"Growing up I got to meet other women weavers in my community, many cannot speak, read or write in Spanish so it occurred to me to create a group where we could all help each other succeed."
"I'm Gloria Floricelda Pacay, organizer and leader of this group of weavers from my community. I was born on August 26, 1995 and my family comes from the Quéqchí Maya community from Samac, and we live in Alta Verapaz. Ours is a beautiful village with many trees, quite a distance away from the main town, and further away from Guatemala City. We had to travel 12 kilometers every day to go to school and I am proud to tell you I recently got my accountant's license.
"My mother taught me to weave, just like her mother taught her.

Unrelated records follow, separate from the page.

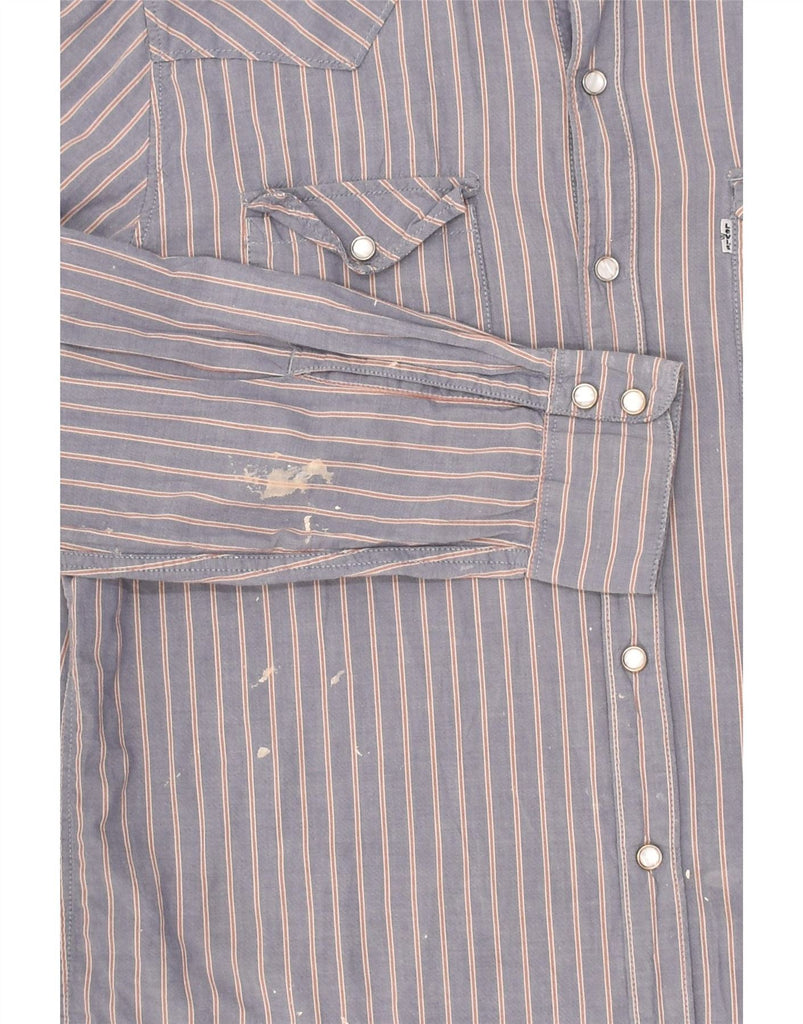 LEVI'S Mens Slim Fit Shirt XL Blue Striped Cotton Vintage Levi's and Second-Hand Levi's from Messina Hembry 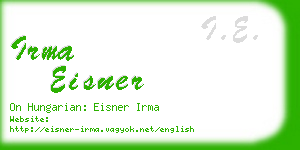 irma eisner business card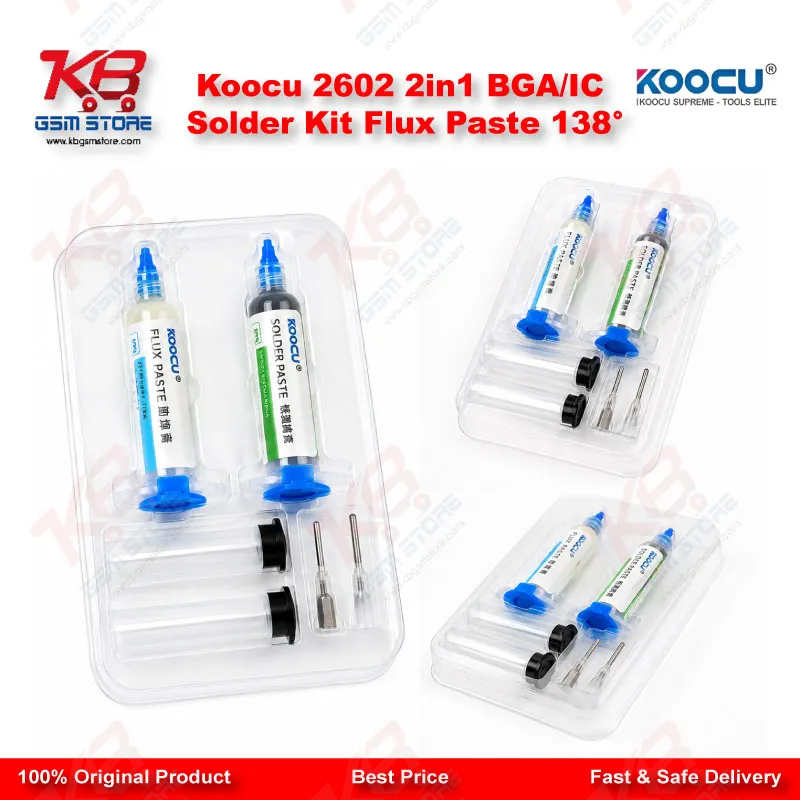 Koocu 2602 2in1 BGA/IC Solder Kit Flux Paste 138°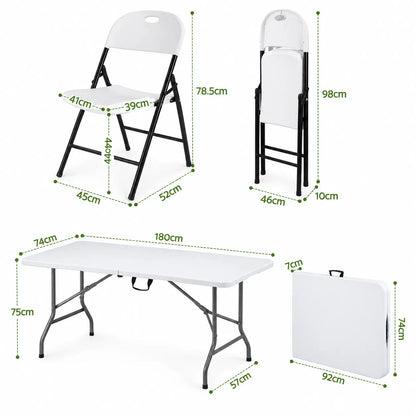 Gardeon 9PCS Outdoor Dining Set 180CM Folding Table and Chairs Patio Furniture White - Image 2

My siblings and I grew up amongst yarn and looms, and as I improved my weaving skills and was old enough, I would teach my youngest sister as well as other girls in my community. With time I realized that it's not easy at all to make a living from weaving and that it's complicated to have enough money to invest in products and prime materials because the long distances we need to travel and the cost that alone implies.
"Weaving takes time and dedication, and on top of all this, when we finally make it to the villages and towns to sell our products, people refuse to pay a fair price – they want to pay so little, that it's not enough for us to buy our materials.
"Growing up I got to meet other women weavers in my community - many of them cannot speak, read or write in Spanish, so it occurred to me to create a group where we could all help each other succeed. Now there's 15 of us working together, creating new designs, selling our products and looking for new clients. Everyone weaves at home, which allows us to be with our families – works well for those who have children so they can keep an eye on them.
"The art of weaving is very special to us. It is a reminder of the rich cultural legacy we have inherited from our ancestors, and which we pass on from generation to generation. In our country, traditional weaves are gradually disappearing, and it's up to us young women weavers not to allow it. We must preserve this craft and keep it alive."